Now Pudge wants to do some operations on the hook.
Let us number the consecutive metallic sticks of the hook from 1 to N. For each operation, Pudge can change the consecutive metallic sticks, numbered from X to Y, into cupreous sticks, silver sticks or golden sticks.
The total value of the hook is calculated as the sum of values of N metallic sticks. More precisely, the value for each kind of stick is calculated as follows:
For each cupreous stick, the value is 1.
For each silver stick, the value is 2.
For each golden stick, the value is 3.
Pudge wants to know the total value of the hook after performing the operations.
You may consider the original hook is made up of cupreous sticks.
Input
The input consists of several test cases. The first line of the input is the number of the cases. There are no more than 10 cases.
For each case, the first line contains an integer N, 1<=N<=100,000, which is the number of the sticks of Pudge’s meat hook and the second line contains an integer Q, 0<=Q<=100,000, which is the number of the operations.
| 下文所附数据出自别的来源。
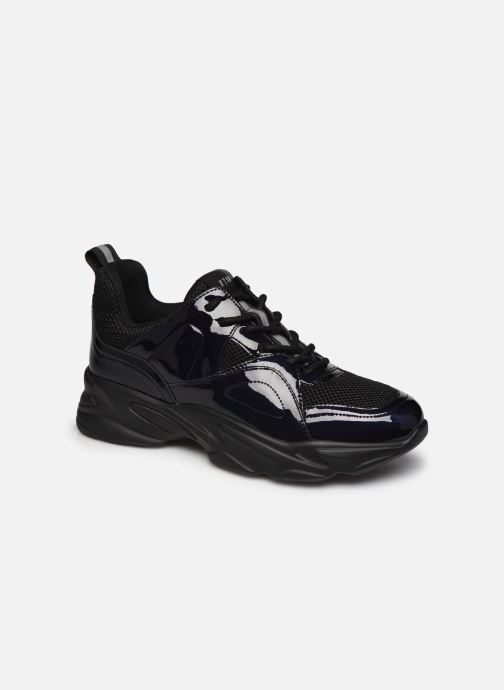 MOVER par Steve Madden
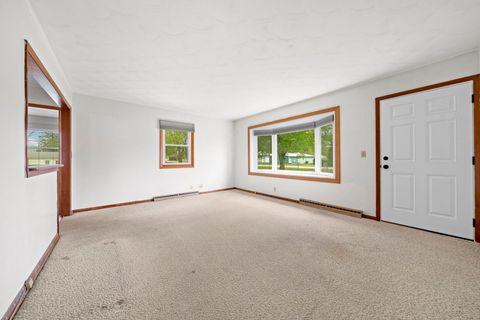 Tiny photo for Loves Park, IL 61111 (MLS # 12634447)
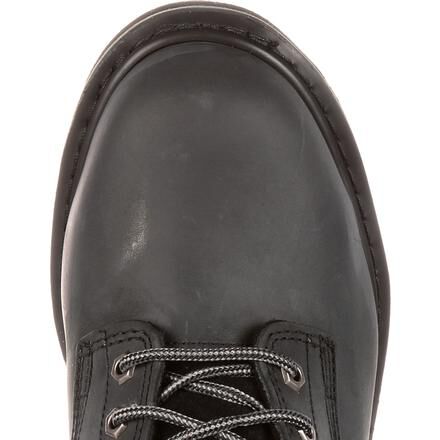 Timberland 6 brogue construct outlet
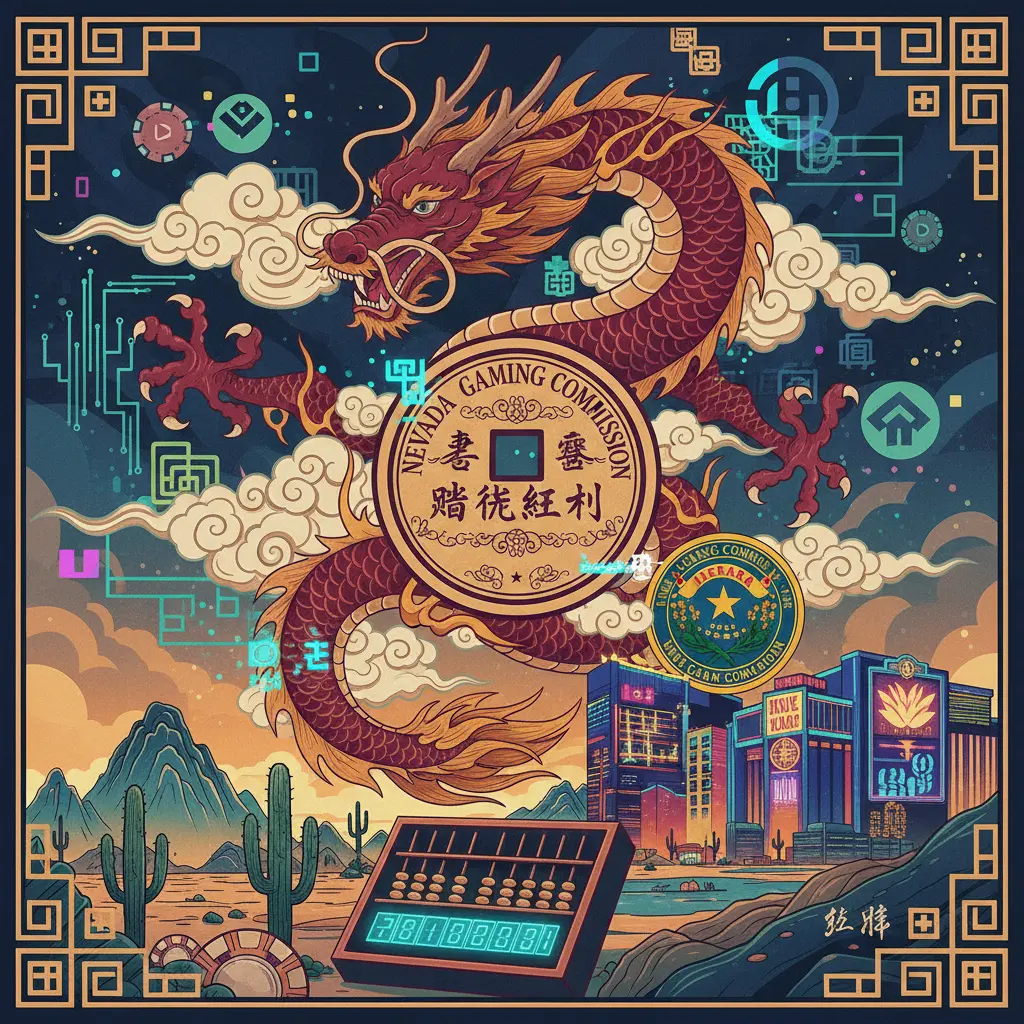 Gamblers Bonus - Commission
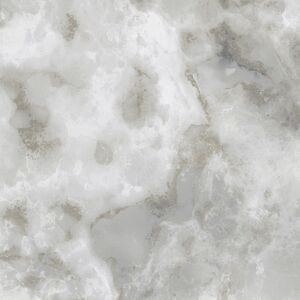 Tubadzin Onice Bianco polírozott 119,8x119,8 padlólap Tubadzin Onice Bianco polírozott 119,8x119,8 padlólap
Next Q lines, each line contains three integers X, Y, 1<=X<=Y<=N, Z, 1<=Z<=3, which defines an operation: change the sticks numbered from X to Y into the metal kind Z, where Z=1 represents the cupreous kind, Z=2 represents the silver kind and Z=3 represents the golden kind.
Output
For each case, print a number in a line representing the total value of the hook after the operations. Use the format in the example.
Sample Input
1
10
2
1 5 2
5 9 3
Sample Output
Case 1: The total value of the hook is 24.
题意:
有一条铜钩,可以进行操作使其中的一段变为金银铜三种材质,价值分别为3,2,1,求最终这条钩子的价值。
思路:
如果某一段是纯色(金/银/铜),将子节点变为和父节点一样 ,直接计算即可。若某一段是杂色(金/银/铜混合),则搜索其左右子节点。将每段(这里的“每一段”是一个点)的价值加和求得总价值。
代码:
#include<iostream>
#include<cstdio>
#include<cstring>
#include<iostream>
#define MAX 100005
using namespace std;
int ans;
struct TREE{
int left;
int right;
int n;
}tree[MAX<<2];
void Build(int l,int r,int i)
{
tree[i].left=l;
tree[i].right=r;
tree[i].n=1;
if(l==r) return ;
int mid=(l+r)/2;
Build(l,mid,i*2);
Build(mid+1,r,i*2+1);
}
void Updata(int l,int r,int type,int i)
{
if(tree[i].n==type) return ;
if(tree[i].left==l&&tree[i].right==r){
tree[i].n=type;
return ;
}
if(tree[i].n!=-1) //纯色
{
tree[i*2].n=tree[i*2+1].n=tree[i].n; //子节点变为和父节点一样
tree[i].n=-1; //变为杂色
}
//线段树套路
int mid=(tree[i].left+tree[i].right)/2;
if(l>mid) Updata(l,r,type,i*2+1) ;
else if(r<=mid) Updata(l,r,type,i*2);
else
{
Updata(l,mid,type,i*2);
Updata(mid+1,r,type,i*2+1);
}
}
int Query(int i)
{
if(tree[i].n!=-1) //纯色--直接计算
return (tree[i].right-tree[i].left+1)*tree[i].n;
else //杂色--搜索子节点
return Query(i*2)+Query(i*2+1);
}
int main()
{
int cas=1;
int t,n,k,x,y,z;
scanf("%d",&t);
while(t--)
{
scanf("%d %d",&n,&k);
Build(1,n,1);
while(k--)
{
scanf("%d %d %d",&x,&y,&z);
Updata(x,y,z,1);
}
printf("Case %d: The total value of the hook is %d.\n",cas++,Query(1));
}
return 0;
}